I'm leaving OK in the first week of Sept for training in MS. However, I am going via ND and WI to do some hunting and to drop my dogs off. I'm assuming it will still be pretty hot here when I depart.

Currently, I plan on putting my 2 labs in their kennels in the back of my p/u. I don't have a topper so they'll have plenty of air moving around them. However, will the sun be too intense and "bake" the kennels as I drive? I know I'll need to stop often and provide water and relief, but I guess I'm just looking for suggestions from anyone whose had to travel in this manner.

Any help is appreciated.

Mike


----------



## Bobm (Aug 26, 2003)

I would travel at night or let them ride in the cab it can be hot as hell in early sept in Wisconsin


----------



## taddy1340 (Dec 10, 2004)

Bob,

Thanks...that may be what I have to do. Night and possibly in the cab with my wife, 20 month-old and soon-to-be newborn. Tight Fit!

:lol:


----------



## jonesy (Aug 3, 2006)

At night I would agree on, traffic will not be as brutal, on a dog when the suns not shining, or even into early morn, stop by 11, or noon, just depending on all other situations that are happening at that time. It is a pick and choose battle, ya never know what the weather will do. 
Thanks Jonesy


----------



## dukegoose (Jul 17, 2006)

Keeping your family in mind, I would just leave early in the morning. The kids and wife can sleep, and the dogs will be good to go. The nice thing about kids is you will have to stop alot. Just remeber to avoid rush-hour in major cities. The slow driving and hot weather could be real bad.


----------



## Scott Schuchard (Nov 23, 2002)

personely i would have the dogs inside the cab with me


----------



## griffman (Jan 17, 2004)

I agree that night and early am travel would be best but if that doesn't fit the plan.....this might work....

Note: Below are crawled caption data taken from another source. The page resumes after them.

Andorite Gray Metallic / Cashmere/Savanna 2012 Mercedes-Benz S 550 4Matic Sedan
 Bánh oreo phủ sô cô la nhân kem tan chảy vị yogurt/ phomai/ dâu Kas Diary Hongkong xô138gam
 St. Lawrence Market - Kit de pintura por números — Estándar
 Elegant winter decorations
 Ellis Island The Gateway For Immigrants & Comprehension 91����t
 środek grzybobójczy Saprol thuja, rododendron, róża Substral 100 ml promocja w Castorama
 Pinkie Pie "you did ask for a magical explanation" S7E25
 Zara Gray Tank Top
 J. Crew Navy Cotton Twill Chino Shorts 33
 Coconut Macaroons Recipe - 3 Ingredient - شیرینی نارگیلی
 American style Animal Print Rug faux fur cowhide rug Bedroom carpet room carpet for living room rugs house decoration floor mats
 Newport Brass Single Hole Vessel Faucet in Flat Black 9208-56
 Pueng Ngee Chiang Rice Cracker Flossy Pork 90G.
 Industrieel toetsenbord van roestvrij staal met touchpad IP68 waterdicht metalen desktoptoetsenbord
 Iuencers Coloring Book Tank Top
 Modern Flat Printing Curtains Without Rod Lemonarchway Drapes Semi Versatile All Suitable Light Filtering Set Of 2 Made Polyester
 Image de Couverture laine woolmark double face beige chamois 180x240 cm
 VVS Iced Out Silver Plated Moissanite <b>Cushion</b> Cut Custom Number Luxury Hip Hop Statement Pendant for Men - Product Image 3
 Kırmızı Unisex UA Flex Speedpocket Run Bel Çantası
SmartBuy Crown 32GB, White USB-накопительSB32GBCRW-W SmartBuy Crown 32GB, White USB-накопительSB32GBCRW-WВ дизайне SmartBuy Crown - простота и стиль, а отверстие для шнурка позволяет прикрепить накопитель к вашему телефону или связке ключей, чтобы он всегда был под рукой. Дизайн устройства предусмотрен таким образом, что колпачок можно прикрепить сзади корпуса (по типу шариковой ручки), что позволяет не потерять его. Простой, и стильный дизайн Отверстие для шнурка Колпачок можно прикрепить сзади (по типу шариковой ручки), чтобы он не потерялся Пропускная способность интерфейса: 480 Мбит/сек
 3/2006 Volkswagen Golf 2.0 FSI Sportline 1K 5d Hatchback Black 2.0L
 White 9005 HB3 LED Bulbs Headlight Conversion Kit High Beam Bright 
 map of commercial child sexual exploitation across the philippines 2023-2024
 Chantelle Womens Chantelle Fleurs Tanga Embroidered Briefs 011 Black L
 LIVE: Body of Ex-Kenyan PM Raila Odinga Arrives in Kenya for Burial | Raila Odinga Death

Last fall Kobe ran in a dog test. The temp was over 90 degrees. I froze a gallon jug of water, bought a small battery operated fan and Kobe had his own swamp cooler in his crate! It worked real well. Kobe laid right on the jug once in a while as he waited for his turn to run. He also licked the condesation off the jug as it would sweat.

If your crate is big enough, you could stick one jug in the front of the crate and one in the rear, the air movement from the ride should be enough to swirl cold air off the ice jugs. You could buy a fan too, they are only about $10 and can be wired right to the gate of the crate.

The only problem with the ice jugs would be if you need to stop quickly or get into an accident. The jugs will slide around a bit. With a little ingenuity, I'd think you could figure out how to strap them down to make them safe for travel. I didn't travel with Kobe and the jug, he was in the air conditioning with me!

I have never tried this but I bet it would work....Try the ice jug thing with the fan and use an insulated crate cover. I bet it would feel like an iced cooler inside the crate! It might look pretty funny driving down the road with the dog crate all covered and zipped up! I'd test this method before the trip, I'd stick a thermometer in there with the jugs, fan and sealed crate without the dog....see what happens?


----------